Landsat Surface Reflectance baf39229cac94789be90813a55556d4e

Keywords data used; landsat 9, data used; landsat 8, data used; landsat 7, data used; landsat 5, datasets; landsat 8, datasets; landsat 7, datasets; landsat 5,

Contexte

The United States Geological Survey’s (USGS) Landsat satellite program has been capturing images of the African continent for more than 30 years. These data are highly useful for land and coastal mapping studies.

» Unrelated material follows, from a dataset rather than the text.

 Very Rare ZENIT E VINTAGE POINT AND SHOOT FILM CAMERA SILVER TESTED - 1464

DE Africa’s Landsat data is ingested from the USGS Collection 2, Level 2 archive and forms a single, cohesive Analysis Ready Data (ARD) package, which allows you to analyse surface reflectance data as-is without the need to apply additional corrections.

Important details:

  • Surface reflectance product

    • Native scaling range: 1 - 65,455 (0 is no-data)

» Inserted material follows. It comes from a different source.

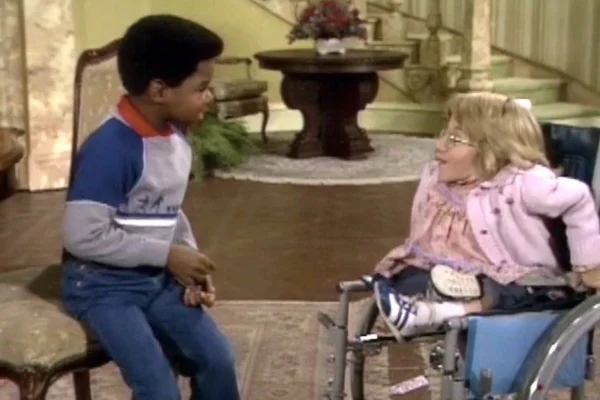 Foto colorida de Melanie Watson e Gary Coleman na série Arnold - Metrópoles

    • To achieve surface reflectance values, normalise values to 0 - 1 using ds = ds * 2.75e-5 - 0.2

    • Using dc.load will load data in the native scaling range 1 - 65,455, while using load_ard will scale the values

  • CFMask used as cloud mask

  • Native pixel alignment is centre

  • Date-range: 1984 – present

  • Spatial resolution: 30 x 30 m

For a detailed description of DE Africa’s Landsat archive, see the DE Africa’s Landsat surface reflectance technical specifications documentation.

Description

In this notebook we will load Landsat data using two methods. Firstly, we will use dc.load() to return a time series of satellite images from a single sensor.

Secondly, we will load a time series using the load_ard() function, which is a wrapper function around the dc.load module. This function will load all the images from Landsat 5,7,8 & 9, combine them, and then apply a cloud mask. The returned xarray.Dataset will contain analysis ready images with the cloudy and invalid pixels masked out.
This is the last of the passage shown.